India will have to resolve the territorial disputes with neighboring countries: on Tibet with China, on Kashmir and Kargil heights with Pakistan. water dispute with Bangladesh and liberating landlocked Nepal from stringent conditions.
It would be instructive to remember that if the powerful Soviet Socialist Empire can fall apart, how India can save itself from such an eventuality if she does not take far reaching remedial decisions. One is to give self-determination or self-rule or complete freedom to the ethnic populations demanding independence or self-determination. It will have to sincerely embark upon a friendly relationship with Pakistan and other regional countries.
The third factor is the Hindu nationalism which brooks no competitors in the realm of religion or faith. in 2002 the world had seen what happened to the Muslims in the state of Gujarat. In those bloody riots 790 Muslims and 254 Hindus were killed. Independent sources put the death toll at over 2000. Approximately 150,000 people were driven to refugee camps. Numerous women and children were among the victims; the violence included mass rapes and mutilations of women.

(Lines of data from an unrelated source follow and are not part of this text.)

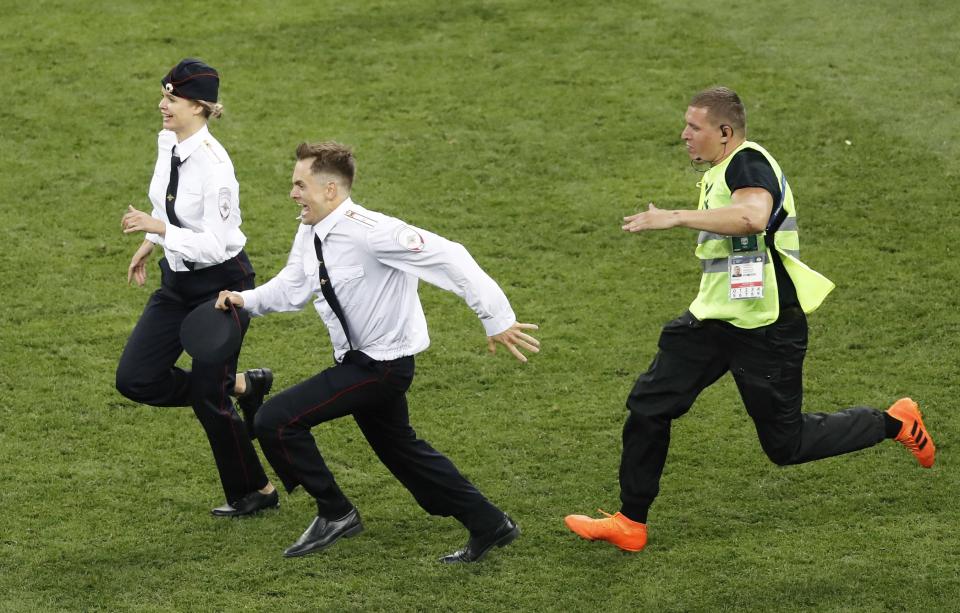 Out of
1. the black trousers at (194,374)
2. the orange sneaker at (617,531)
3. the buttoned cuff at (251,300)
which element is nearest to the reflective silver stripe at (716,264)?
the orange sneaker at (617,531)

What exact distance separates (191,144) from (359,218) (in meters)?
1.02

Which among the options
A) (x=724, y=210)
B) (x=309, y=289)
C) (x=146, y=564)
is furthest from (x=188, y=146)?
(x=724, y=210)

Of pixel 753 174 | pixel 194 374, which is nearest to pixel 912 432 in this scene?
pixel 753 174

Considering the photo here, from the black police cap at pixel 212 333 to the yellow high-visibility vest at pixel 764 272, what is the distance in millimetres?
2036

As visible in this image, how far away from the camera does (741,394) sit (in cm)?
607

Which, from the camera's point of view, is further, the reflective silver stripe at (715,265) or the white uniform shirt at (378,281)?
the reflective silver stripe at (715,265)

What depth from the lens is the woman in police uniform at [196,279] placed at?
6.23 metres

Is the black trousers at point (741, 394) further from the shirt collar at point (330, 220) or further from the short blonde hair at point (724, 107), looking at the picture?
the shirt collar at point (330, 220)

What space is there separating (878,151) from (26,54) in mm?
7483

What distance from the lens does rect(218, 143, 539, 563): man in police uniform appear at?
5.72m

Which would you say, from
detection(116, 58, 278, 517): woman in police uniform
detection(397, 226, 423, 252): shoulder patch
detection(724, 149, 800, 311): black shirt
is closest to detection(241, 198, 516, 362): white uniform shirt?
detection(397, 226, 423, 252): shoulder patch

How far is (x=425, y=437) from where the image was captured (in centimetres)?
725

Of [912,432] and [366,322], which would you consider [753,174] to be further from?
[366,322]

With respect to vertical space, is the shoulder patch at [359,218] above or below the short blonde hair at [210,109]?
below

The lowest caste called Dillats or untouchables are treated worse than an animal. Hanuman (ape), Ganesha (elephant) cow, serpent and other animals are the most revered gods than a human with a low (also called Shudara) caste. Muslims and Christians are treated at par with despised Shudara.
The other is the caste system that breeds hatred and divisions and undermines the unity and is out of sync with the norms of equality and freedom being the hallmarks of modern societies. Despite Bollywood galore, the inhuman caste system, and imaginary mythologies would remain stumbling blocks in making India a modern state.
There had been at least three major wars between India and Pakistan on the issue of Kashmir and the India’s military intervention to create Bangladesh in 1971. The dormant hate and venom oozes out between the two people when a match is being played and at times of border clashes or when similar tensions mount between these two neighbors.
The Indian media pours out venom and scorn on Pakistan, its leadership and the very genesis of Pakistan. Vice versa Pakistan’s media traverses the same track. Unless there is a veritable change of heart on both sides, the peace in the region as well as the dream of good neighborly and cordial relations between the two neighbors would remain elusive.
There ought to be a real change of heart on both sides of the partitioned lands of India and Pakistan.